Berdasarkan film dokumenter, istri-istri
Jepang bangga bila suaminya ditemani oleh gesha yang terkenal. Suami-suami itu
dianggap hebat.
Dengan perkembangan peradaban, ketiga
penghibur itu, lama-lama mulai surut. Mulai tidak banyak diminati. Hal ini
seiring dengan mulai dilegalkannya lokalisasi, Gang Dolly, misalnya. Seandainya
masih ada, sudah tidak ada syarat khusus atau tahapan-tahapan yang harus
dilalui untuk menjadi ronggeng, ledek, atau
gesha.
Berdasarkan tinjauan sosial ekonomi,
kemunculan ronggeng merupakan tuntutan kebutuhan ekonomi, selain memang sudah
merupakan kebudayaan. Artinya, di Banyumas, ronggeng merupakan suatu kebudayaan
yang dilakukan turun-temurun. Selain itu, ronggeng juga dapat menambah pendapatan
seseorang. Dengan
kata lain, ronggeng dapat menjadi sumber penghasilan seseorang.
B.
Permasalahan
Berdasarkan uraian di atas, nampak jelas
bahwa sebenarnya masyarakat Indonesia, khususnya Banyumas telah menganut
feminis. Benarkah demikian? Oleh karena itu, pada kesempatan kali ini akan
dianalisis dengan menggunakan telaah feminisme terhadap ‘Ronggeng Dukuh Paruk’
karya Ahmad Tohari.
KAJIAN
TEORETIS
A.
Kritik
Sastra
Menurut Zainuddin Fananie (2000: 20)
kritik sastra adalah pertimbangan untuk menunjukkan kekuatan atau kebagusan dan
juga kekurangan yang terdapat dalam karya sastra. Karenanya hasil kritik sastra
biasanya mencakup dua hal, yaitu baik dan buruk. Menurut H.B. Jassin dalam
Suroso (2009: 13) kritik sastra adalah salah satu jenis esai, yaitu
pertimbangan baik atau buruk sesuatu hasil kesusastraan.
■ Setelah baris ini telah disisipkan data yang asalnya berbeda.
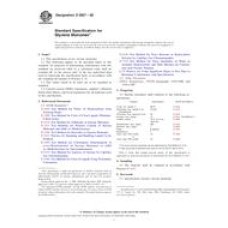 ASTM D2827-08 ASTM D2827-08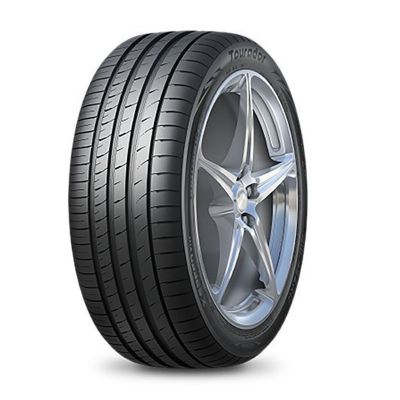 Шина 245/40ZR20 Tourador X SPEED TU1, 99Y, б/к, летняя, (Турадор), Китай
Menurut William Flint dalam Puji Santoso
(2009: 13) kritik sastra adalah keterangan, kebenaran analisis atau judgment suatu karya sastra. Menurut
William Henry Hudson dalam Pardi Suratno (2009: 14) kritik sastra adalah
penghakiman yang dilakukan oleh seorang yang ahli atau memiliki sesuatu
kepandaian khusus untuk membedah karya sastra, memeriksa karya sastra mengenai
kebaikan-kebaikan dan cacat-cacatnya, dan menyatakan pandangannya tentang hal
itu.
Menurut Frye Northrop dalam Suroso (2009:
14) kritik sastra adalah seluruh pembicaraan karya sastra, meliputi teori
sastra, teori simbol-simbol, teori mitos, dan teori genre sastra. Menurut
Graham Hough dalam Rachmat Djoko Pradopo (1995: 92) kritik sastra bukan hanya
terbatas pada penyuntingan dan penetapan teks, interpretasi, dan pertimbangan
nilai, melainkan kritik sastra meliputi masalah yang lebih luas tentang apakah
kesusastraan, untuk apa, dan bagaimana hubungannya dengan masalah-masalah
kemanusiaan yang lain.
Begitu banyak pengertian kritik yang
disampaikan para ahli sastra. Namun demikian, dengan bahasa sederhana dapatlah
dikatakan bahwa kritik sastra berarti menyampaikan suatu penilaian terhadap
karya sastra, apa pun bentuknya.
B.
Pendekatan
Kritik Sastra
Terdapat berbagai macam pendekatan dalam
kritik sastra. Pendekatan tersebut dapat dibedakan berdasarkan bentuknya,
metode (penerapan), tipe-tipe kritik sastra, penulis kritik sastra, dan
pendapat para pakar (Suroso, 2009: 19).
Berdasarkan
metode penerapannya, kritik sastra dibedakan atas kritik judisial dan kritik
induktif.
1. Kritik
judisial berusaha menganalisis dan menerangkan efek-efek karya sastra
berdasarkan pokoknya, organisasinya, tekniknya, gayanya, dan mendasarkan pada
pertimbangan individual kritikus atas dasar standar-standar umum tentang kehebatan
dan keluarbiasaan sastra.
2. Kritik
induktif berusaha menguraikan bagian-bagian atau unsur-unsur karya sastra
berdasarkan fenomena-fenomena yang ada secara objektif.
Berdasarkan
pendekatannya, kritik sastra dibedakan atas kritik ilmiah, kritik estetis, dan
kritik sosial.
1. Kritik
ilmiah dilakukan dengan mendasarkan pada kelimuan. Biasanya dengan pendekatan
linguistik, misalnya stilistika, struktural, dan semiotik.
2. Kritik
estetis dilakukan dengan memperhatikan kaidah-kaidah keindahan atau pendekatan estetika.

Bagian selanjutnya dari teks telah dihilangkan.